In quel tempo, Gesù passando vide un uomo cieco dalla nascita; sputò per terra, fece del fango con la saliva, spalmò il fango sugli occhi del cieco e gli disse: «Va’ a lavarti nella piscina di Sìloe», che significa “Inviato”. Quegli andò, si lavò e tornò che ci vedeva. Allora i vicini e quelli che lo avevano visto prima, perché era un mendicante,dicevano: «Non è lui quello che stava seduto a chiedere l’elemosina?». Alcuni dicevano: «È lui»; altri dicevano: «No, ma è uno che gli assomiglia». Ed egli diceva: «Sono io!».
Condussero dai farisei quello che era stato cieco: era un sabato, il giorno in cui Gesù aveva fatto del fango e gli aveva aperto gli occhi. Anche i farisei dunque gli chiesero di nuovo come aveva acquistato la vista. Ed egli disse loro: «Mi ha messo del fango sugli occhi, mi sono lavato e ci vedo». Allora alcuni dei farisei dicevano: «Quest’uomo non viene da Dio, perché non osserva il sabato». Altri invece dicevano: «Come può un peccatore compiere segni di questo genere?». E c’era dissenso tra loro.

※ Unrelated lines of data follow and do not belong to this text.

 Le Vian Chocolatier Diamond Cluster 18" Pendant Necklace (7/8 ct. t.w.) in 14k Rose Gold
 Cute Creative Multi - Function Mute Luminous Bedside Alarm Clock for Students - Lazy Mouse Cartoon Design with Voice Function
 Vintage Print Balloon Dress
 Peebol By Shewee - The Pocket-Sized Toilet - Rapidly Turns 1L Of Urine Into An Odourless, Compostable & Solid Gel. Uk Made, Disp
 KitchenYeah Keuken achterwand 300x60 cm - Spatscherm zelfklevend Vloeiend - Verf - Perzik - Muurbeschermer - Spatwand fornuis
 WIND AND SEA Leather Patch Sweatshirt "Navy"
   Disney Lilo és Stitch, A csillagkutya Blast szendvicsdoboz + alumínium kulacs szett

Allora dissero di nuovo al cieco: «Tu, che cosa dici di lui, dal momento che ti ha aperto gli occhi?». Egli rispose: «È un profeta!». Gli replicarono: «Sei nato tutto nei peccati e insegni a noi?». E lo cacciarono fuori.
Gesù seppe che l’avevano cacciato fuori; quando lo trovò, gli disse: «Tu, credi nel Figlio dell’uomo?». Egli rispose: «E chi è, Signore, perché io creda in lui?». Gli disse Gesù: «Lo hai visto: è colui che parla con te». Ed egli disse: «Credo, Signore!». E si prostrò dinanzi a lui.
(dal Vangelo di Giovanni, cap. 9 vv. 1.6-9.13-17.34-38)
Che schifo la saliva: quella dello sputo, la saliva pesante e giallognola del catarro, quella impastata di materia del vomito, quella che trasuda nella tosse del vecchio poggiato al bastone. Ti sputo addosso perché mi fai schifo. Oppure t’offro la saliva perché ti amo: quella sulla lingua dei fidanzati, quella impastata sul chewing-gum che si scambiano gl’innamorati. Quella del portiere prima d’apprestarsi a parare un rigore: salive preziose.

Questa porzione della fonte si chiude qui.